The Blue Aura X30s are a petite pair of £300ish Bluetooth stereo speakers – and they’re from a brand we haven’t reviewed before.
Founded in 2010, this Cambridgeshire-based audio company specialises in wireless and Bluetooth speaker systems, with ease of use given as much prominence as sound quality.
The X30s look promising: compact, well built, and with a good spread of wireless and wired features. But can they match the class-leaders?
Bluetooth is the main method of playing music, and pairing with an Apple iPhone 5S is swift and easy.
The Blue Auras also have NFC (Near-Field Communication), and a quick tap with the Google Nexus 5 gets us connected with minimal fuss.
Play Didn’t It Rain by Hugh Laurie and the Blue Aura X30s sound pleasant.
They have a smooth presentation – perhaps a touch too smooth – that lends itself nicely to low-quality streams from Spotify.
The X30s do support the higher-quality aptX codec to help boost Bluetooth streaming, and while that improvement is apparent in rivals such as the upgraded Roth OLi POWA-5s, the X30s aren’t quite as distinct.
Neutral Milk Hotel’s In The Aeroplane Over The Sea sounds quite muffled and cloudy and, coupled with a limited dynamic reach, the overall soundfield can get rather congested.
Voices are smooth and direct, but they’re not as natural or expressive as on the Ruark MR1s. We would have liked a clearer and more articulate sound.
That lively bass in Didn’t It Rain isn’t quite as punchy and agile as we’d like, either. The low end doesn’t go that deep, and it can plod along somewhat.
On the other hand, the top end is well behaved and has sweetness to it. Timing might not be all it could be, but there are no harsh edges with the Blue Auras.
These speakers are the ideal desktop size, similar to the dinky Audio Pro Addon T8s.
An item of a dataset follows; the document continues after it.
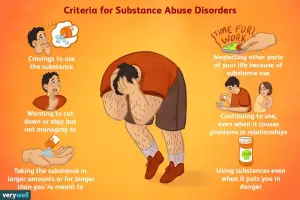 Understanding substance use disorders - A path to recovery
They’re small enough to sit unobtrusively next to a laptop without taking up too much space.
Build quality is sturdy, while the faux-leather finish gives a soft but tough texture. The X30s are available in three finishes: graphite, sahara, or arctic white.
Inside each speaker is a 20mm soft-dome tweeter and a 3.5in paper cone, while the master speaker houses a 25W-per-channel class D amplifier.
Bluetooth streaming is the highlight feature here, but wired connections haven’t been forgotten.
A pair of RCA inputs (for analogue sources) and a digital optical input (to connect to a TV or laptop) are situated on the master speaker’s back panel.
There’s no 3.5mm input, however, so you'll need a 3.5mm-to-stereo RCA cable to connect phones or MP3 players that don't support Bluetooth.
A USB port for an optional wireless receiver is provided, as is a subwoofer output should you want to add some much-needed oomph to the X30s.
The remote is small and basic, but we like the big buttons, and it’s responsive.
Pleasant as they are, the Blue Aura X30 speakers aren’t the subtlest or most involving listen. The similarly petite Audio Pro Addon T8s deliver a clearer, livelier sound, and cost £40 less than the Blue Auras’ £290.
The build, design and size are all spot-on for speakers of their kind, but the X30s face fierce competition from well established, more talented rivals.